Increasing life expectancy and the growing elderly population
The life expectancy has increased rapidly in Norway in recent decades, with about ¼ year per year. The increase has been particularly fast for men, following a temporary decline in the 1950s and 1960s. Statistics Norway’s mortality projections using the Lee-Carter method indicate further improvements in this century – about 10 years higher life expectancy at birth. This implies significant mortality declines for older persons as the mortality is now small for young people. With no deaths below age 50 the life expectancy would be only 1-2 years higher.
Population projections are for several reasons important for studying population ageing, including to have knowledge about the future age structure, and to estimate the effects of possible policy changes. In addition, the mortality projections are used for several other purposes than for projecting the population, such as calculating future pensions according to the new pension system, where life expectancy improvements reduce the annual pensions.

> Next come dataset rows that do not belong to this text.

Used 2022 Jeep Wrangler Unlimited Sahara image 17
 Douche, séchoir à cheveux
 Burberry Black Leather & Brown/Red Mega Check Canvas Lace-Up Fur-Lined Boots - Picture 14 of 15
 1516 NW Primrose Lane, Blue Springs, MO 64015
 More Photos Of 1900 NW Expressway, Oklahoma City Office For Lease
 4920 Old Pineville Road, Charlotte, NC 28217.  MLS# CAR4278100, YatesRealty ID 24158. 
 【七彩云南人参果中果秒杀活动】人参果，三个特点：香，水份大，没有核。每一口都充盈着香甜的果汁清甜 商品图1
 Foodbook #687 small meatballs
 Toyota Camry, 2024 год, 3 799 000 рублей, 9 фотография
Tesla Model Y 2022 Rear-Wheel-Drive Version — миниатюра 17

The population projections show that the population will age regardless of plausible assumptions made about the demographic components births, deaths, immigration and emigration. Policies to affect these components may only marginally affect future ageing, and in some cases in the wrong direction. The only factor that may significantly affect the future ratio of the working to the non-working population, the potential support ratio, is that people work longer. This ratio will remain at the current level if the pension age is increased from the current 67 years to 78 years at the end of the century. This may be possible if the health of old persons continues to improve.